Rate Limiting
TeamWeb AI includes rate limiting on public-facing endpoints to prevent abuse. This primarily protects the embeddable widget API, which is accessible without authentication.
Widget API Limits
The widget API enforces three rate limits using a sliding window algorithm backed by Redis:
| Limit | Default | Window | Scope |
|---|---|---|---|
| Messages per session per minute | 10 | 60 seconds | Per visitor session |
| Requests per IP per minute | 30 | 60 seconds | Per IP address |
| New conversations per IP per hour | 5 | 1 hour | Per IP address |
When a limit is exceeded, the API returns a 429 Too Many Requests response with a Retry-After header indicating how many seconds the client should wait.
Configuration
Rate limits can be adjusted via environment variables:
| Variable | Default | Description |
|---|---|---|
WIDGET_RATE_LIMIT_MESSAGES_PER_MIN | 10 | Maximum messages a single visitor session can send per minute |
WIDGET_RATE_LIMIT_PER_IP_PER_MIN | 30 | Maximum requests from a single IP per minute |
WIDGET_RATE_LIMIT_NEW_CONVOS_PER_HOUR | 5 | Maximum new conversations a single IP can create per hour |
Set these in your .env file or deployment environment to adjust the limits.
How It Works
The rate limiter uses Redis sorted sets to implement a true sliding window. Each request is recorded with a timestamp. When checking a limit, expired entries outside the window are removed and the remaining count is compared against the limit.
Rate limiting applies to:
POST .../messages— Sending a message (checked against both per-session and per-IP limits)POST .../conversations— Creating a new conversation (checked against per-IP conversation limit)

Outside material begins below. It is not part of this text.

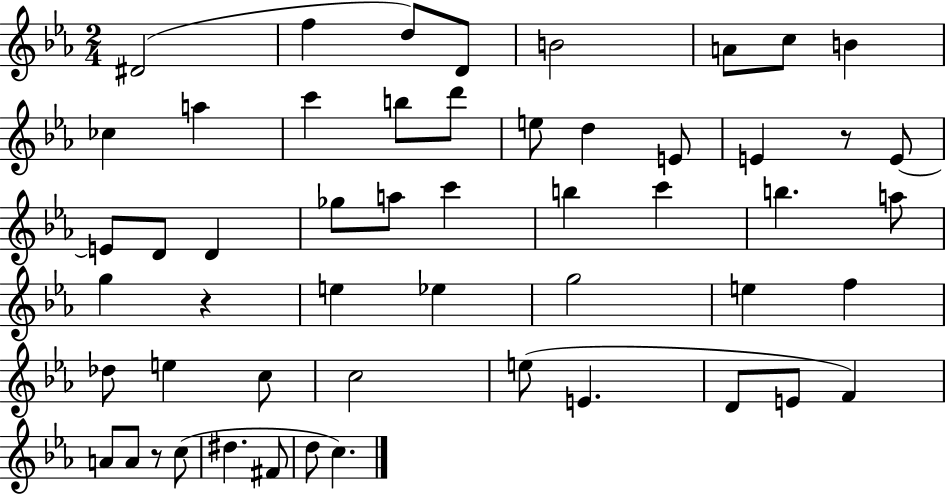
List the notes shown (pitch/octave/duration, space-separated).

D#4/h F5/q D5/e D4/e B4/h A4/e C5/e B4/q CES5/q A5/q C6/q B5/e D6/e E5/e D5/q E4/e E4/q R/e E4/e E4/e D4/e D4/q Gb5/e A5/e C6/q B5/q C6/q B5/q. A5/e G5/q R/q E5/q Eb5/q G5/h E5/q F5/q Db5/e E5/q C5/e C5/h E5/e E4/q. D4/e E4/e F4/q A4/e A4/e R/e C5/e D#5/q. F#4/e D5/e C5/q.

Read-only endpoints (config, polling for messages) are not rate limited.
Graceful Degradation
If Redis is unavailable, rate limiting is silently skipped and requests are allowed through. This ensures the widget remains functional even if Redis is temporarily down.
Anthropic API Rate Limiting
Separately from the widget rate limiter, TeamWeb AI also tracks rate limits from the Anthropic API. The system reads Anthropic’s response headers (anthropic-ratelimit-*) and proactively delays API calls when token or request budgets are running low. This shared state is stored in Redis so it works across multiple Celery workers.
This is visible in the API Logs section, which shows remaining rate limit headroom on each log entry.